La motivación de la viveza debe buscarse en el egoísmo, que persigue el bien propio con indiferencia de si redunda en un mal ajeno. Para actuar con éxito, la viveza coloca la inteligencia -productora de los más altos logros de la especie- al servicio de intereses individuales, obteniendo una imagen pobre y deformada del mundo, que no obstante le permite conducirse. Para alcanzar sus fines, esa sofisticación del egoísmo que es la viveza se ve forzada a otorgarle un lugar al conocimiento, pero sólo en la medida en que este le resulta útil para manipular.
La viveza no es mala solamente por los males que produce en forma inmediata, sino también por sus efectos corrosivos sobre las personas morales. Así, quien intenta ayudar a alguien y se ve estafado en su buena fe posiblemente se hará desconfiado y reticente a preocuparse por los demás, retrayéndose a la seguridad de su núcleo íntimo. Y cuando el avivado sortea con éxito sus obligaciones y maximiza sus beneficios, las personas aún dispuestas a regirse por principios suelen sentirse tontas, y muchas veces terminan resignándose a imitar las estrategias del pícaro.

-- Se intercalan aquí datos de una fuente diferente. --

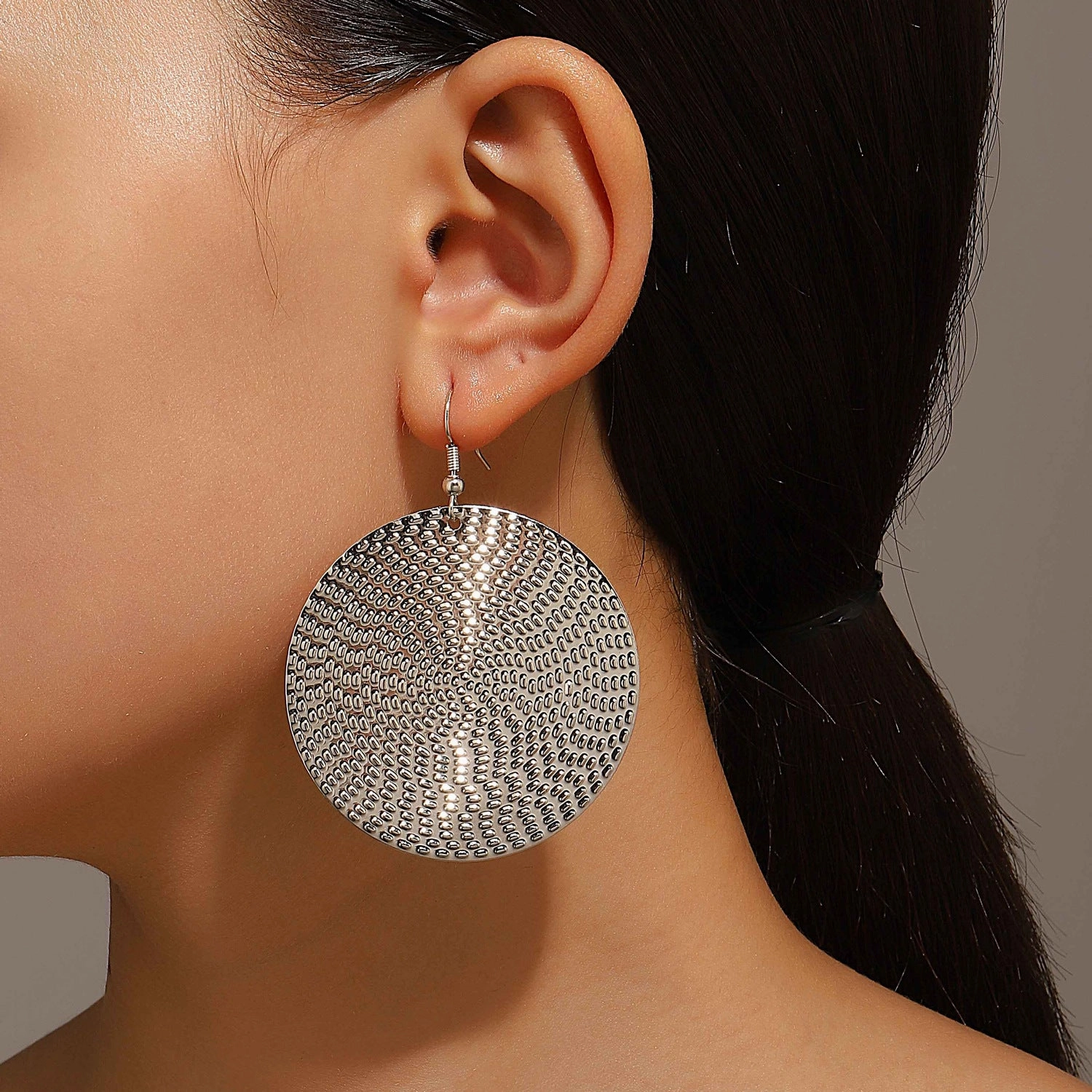 Wholesale Alloy Electroplated Round Ring Earrings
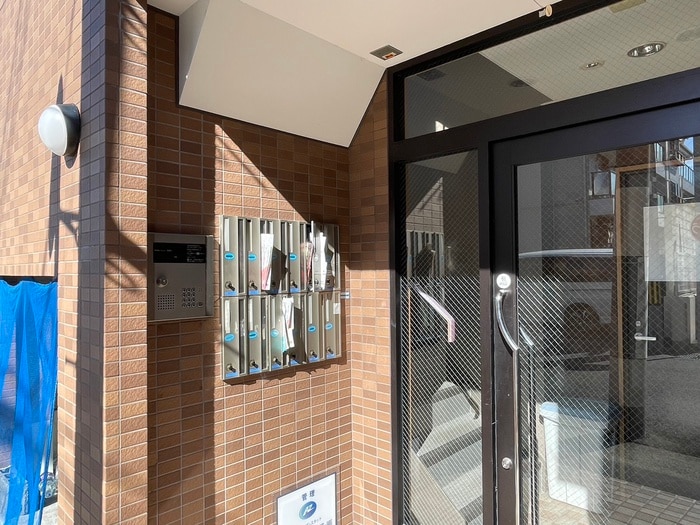 物件外観写真3　(エントランス部分)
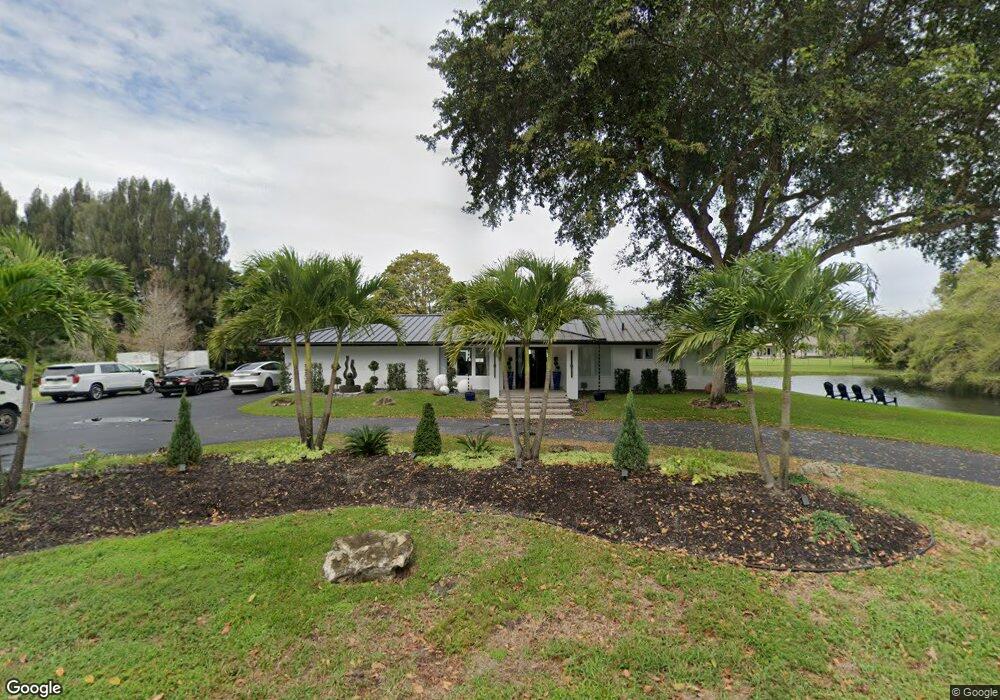 11121 SW 40 Ct, Davie, FL 33328 - photo 1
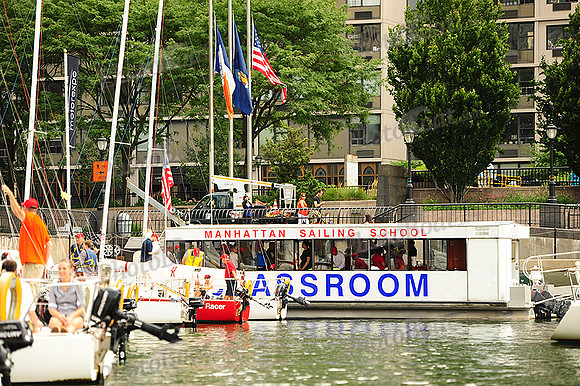 2014 NY Architects Regatta 020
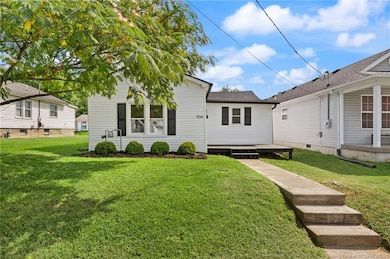 904 Fulton St, Jeffersonville, IN 47130 - photo 2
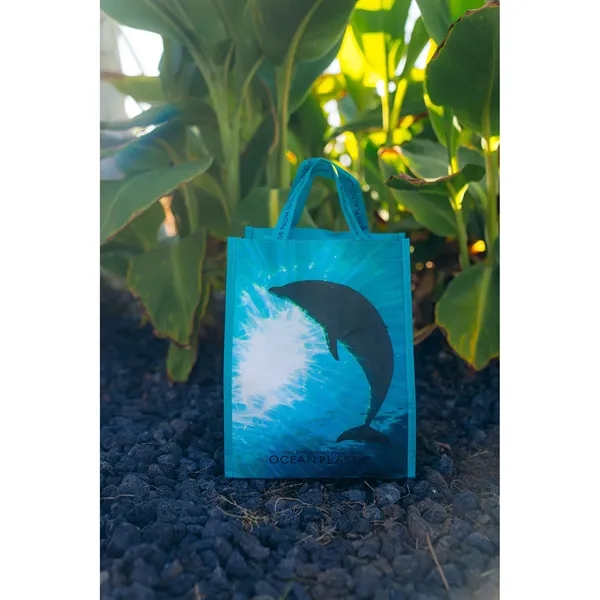 An eye-catching lunch bag, made from 100% Ocean Plastic® and featuring... from ASI 56070 Gemline / Gemline®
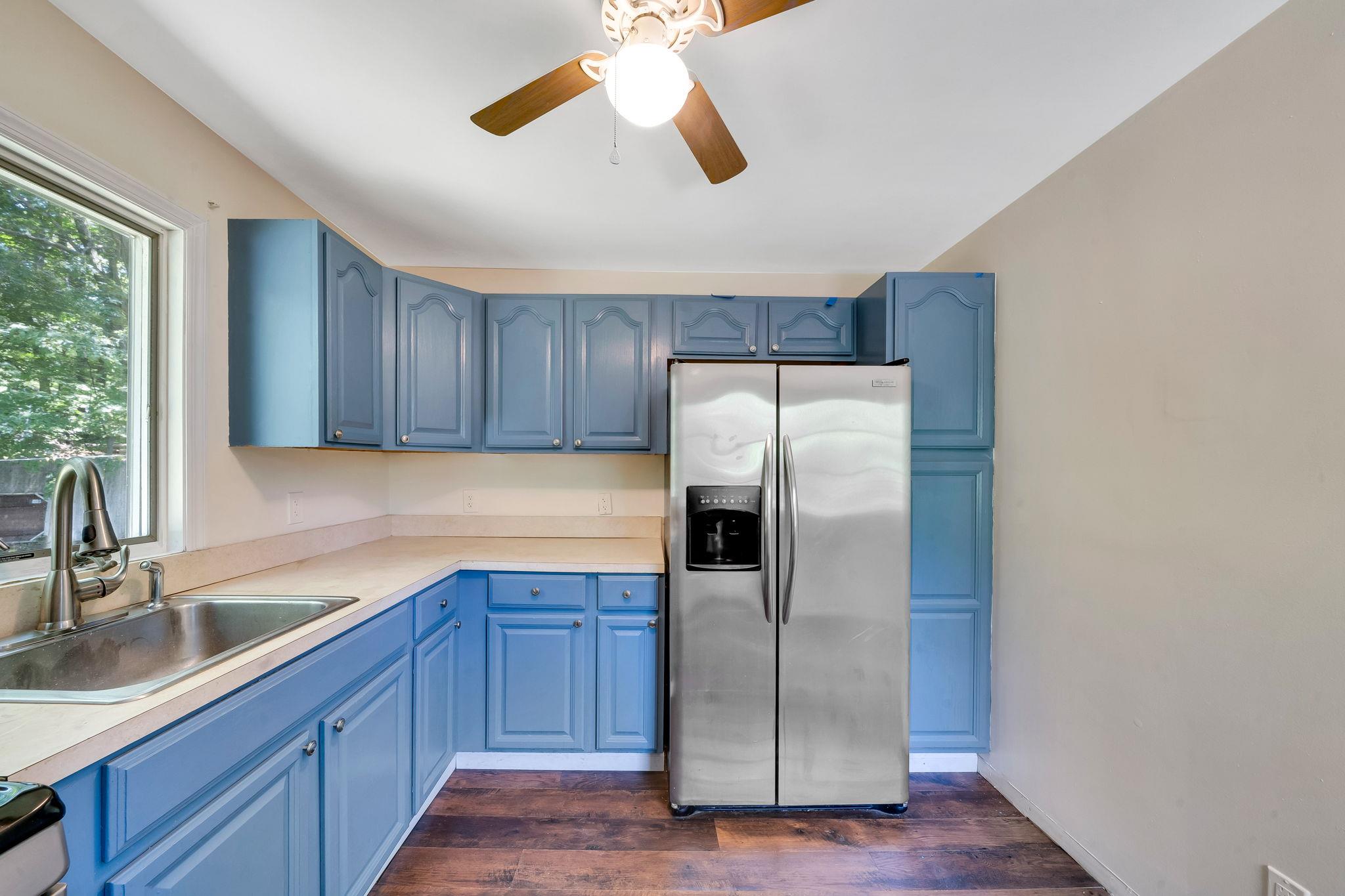 107 Cedar Lane, Medford, NY 11763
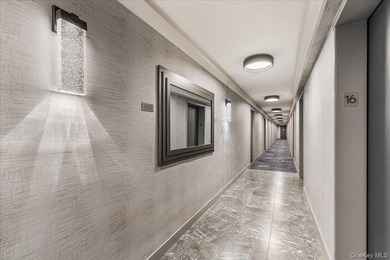 Pet Friendly Luxury High Rise building,Large One Bedroom With A - photo 17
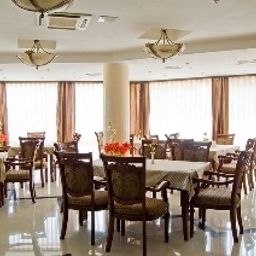 Frühstücksraum im Restaurant Lazurniy Fotos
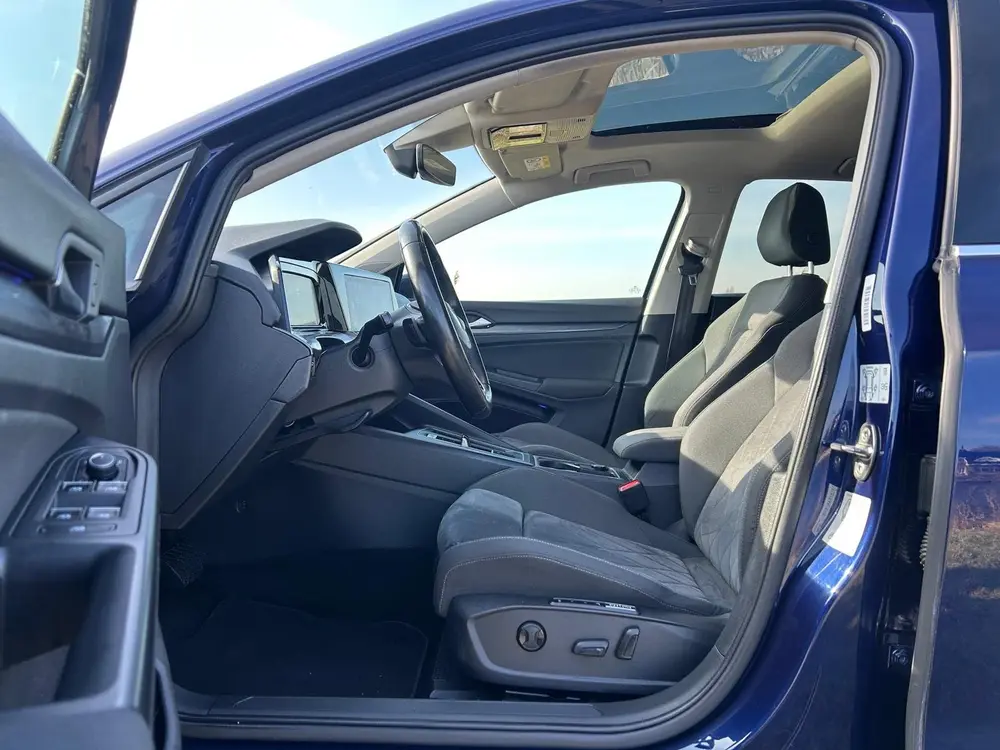 Volkswagen Golf 1.5 eTSI R-Line Panoramadak / Automaat / Erg uit 2020, foto 4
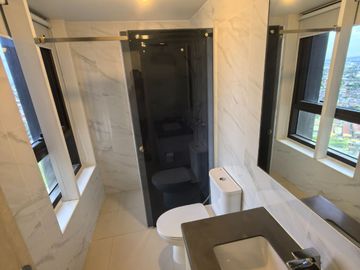 Mandani Bay Suites Tower 2 3BR Penthouse 131sqm Parking Maids Mandaue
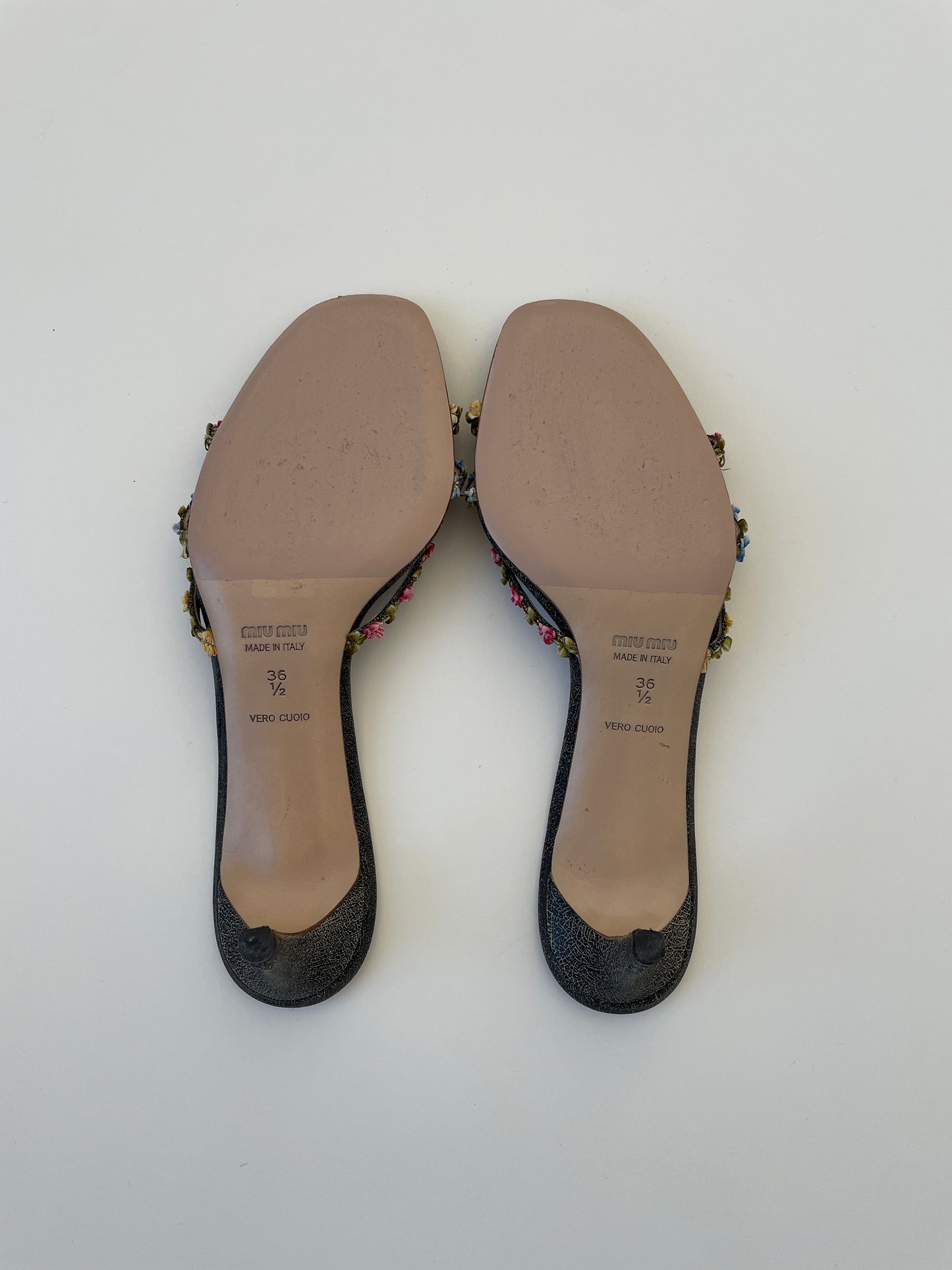 Miu Miu iconic 2000s floral kitten heels (EU 36,5 / US 6)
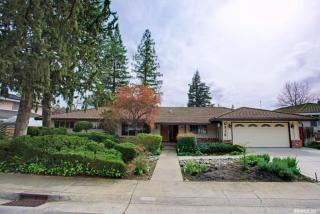 6910 Lisa Marie Way, Carmichael, CA 95608-2031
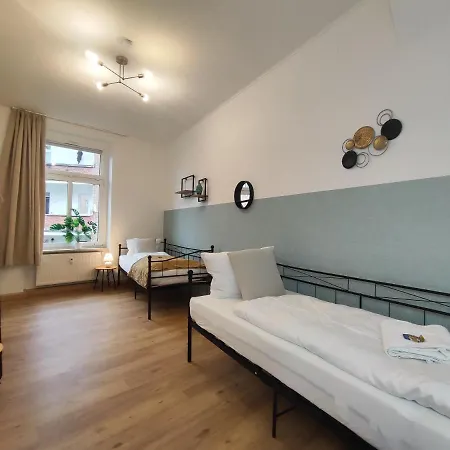 Bohnapartments Stauffenberg - Parkplatz - 2 Badezimmer - 3 Schlafzimmer - Wlan Apartman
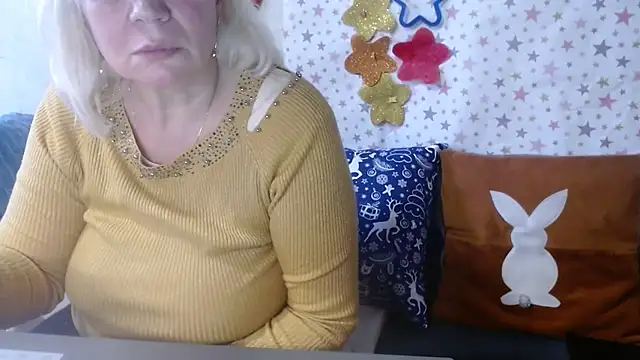 Snapshot of QueenLana chatting on 15, 12, 2025 QueenLana online show from 15, 12, 2025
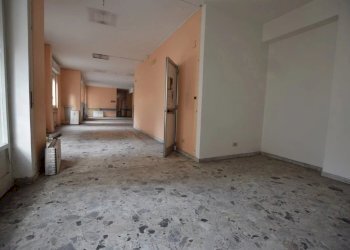 Office Via Piacenza, Genova (neighborhood Molassana) - photo 20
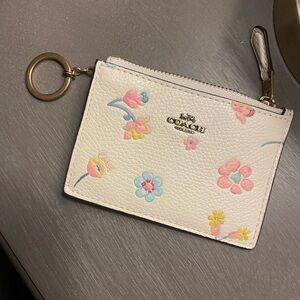 Coach White Leather Card Case with Floral Design, Brand New, Never used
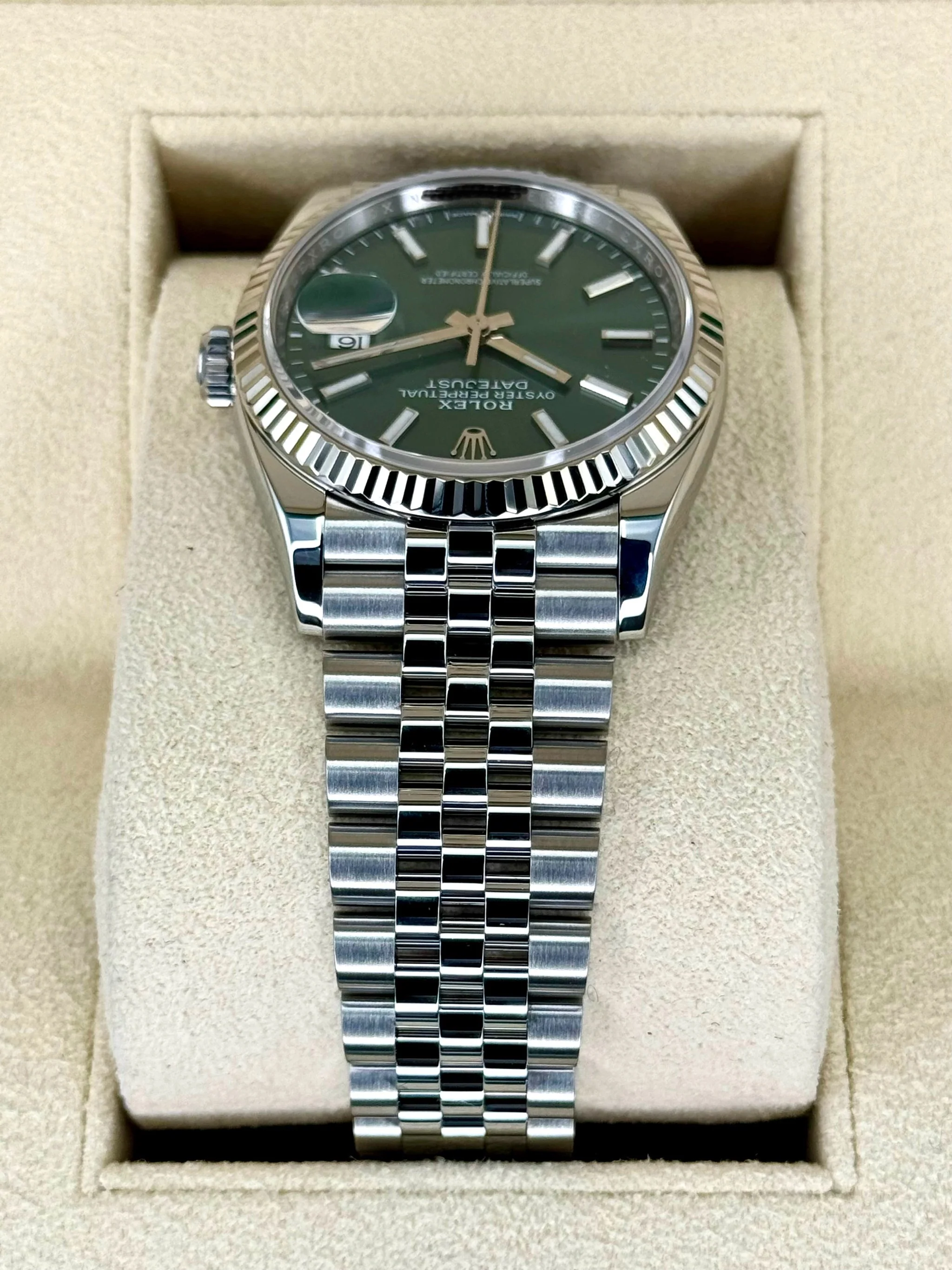 NEW 2025 Rolex Datejust 36mm 126234 Jubilee Green Dial - Image 4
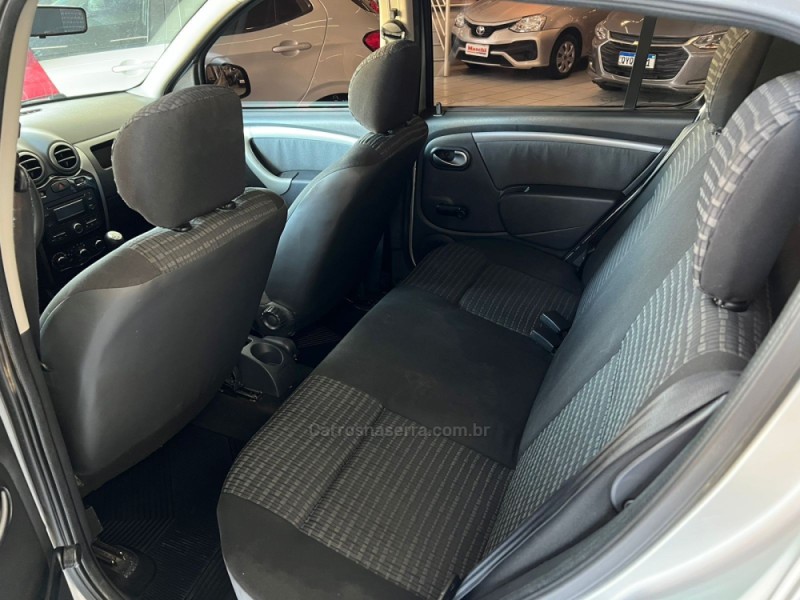 SANDERO 1.6 EXPRESSION 8V FLEX 4P MANUAL - 2012 - CAXIAS DO SUL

Hay al menos dos formas en que la sociedad argentina fomenta la avivada. En primer lugar, considerándola una suerte de virtud (digamos: una forma exitosa de conducirse en la vida), cuando desde el punto de vista del interés social y de la moral constituye un defecto. Esta convalidación de la viveza puede corroborarse desde el guiño cómplice ante una coima hasta en la admiración incondicional por quienes alcanzaron el panteón de los ricos y famosos, independizando ese logro de los oscuros medios por los que algunos lo alcanzaron. No faltan las expresiones sociales que reflejan (y promueven) esa valoración: desde el viejo Vizcacha y sus consejos cínicos hasta el pequeño chanta que tanto nos simpatiza inmortalizado por Alberto Olmedo.
En segundo lugar, la fuente de la inobservancia de las reglas debe buscarse en el propio Estado y en las instituciones. Estos a veces generan una presión tan asfixiante que fomentan en el individuo la búsqueda de una alternativa personal que mitigue el calvario. Tal es el caso, por ejemplo, de una exigencia impositiva desmedida, o de algunos trámites interminables o que exigen requisitos cercanos a la sinrazón. Dadas estas situaciones, en las que el individuo percibe su desobediencia como un acto de justicia, lo razonable es modificar los aspectos opresivos del sistema, a través de un adecuado rediseño institucional.
Una última advertencia: dada la hipocresía reinante, es sano desconfiar del lugar desde el que se fustiga estos comportamientos. Lamentablemente, muchas veces la queja contra la corrupción se realiza desde el resentimiento de quien no ha podido entrar en el arreglo. En ese caso, lejos del aura de moralidad que invoca la denuncia, esta resulta ser una expresión tan negativa de legitimación de la viveza como aquella a la que simula oponerse.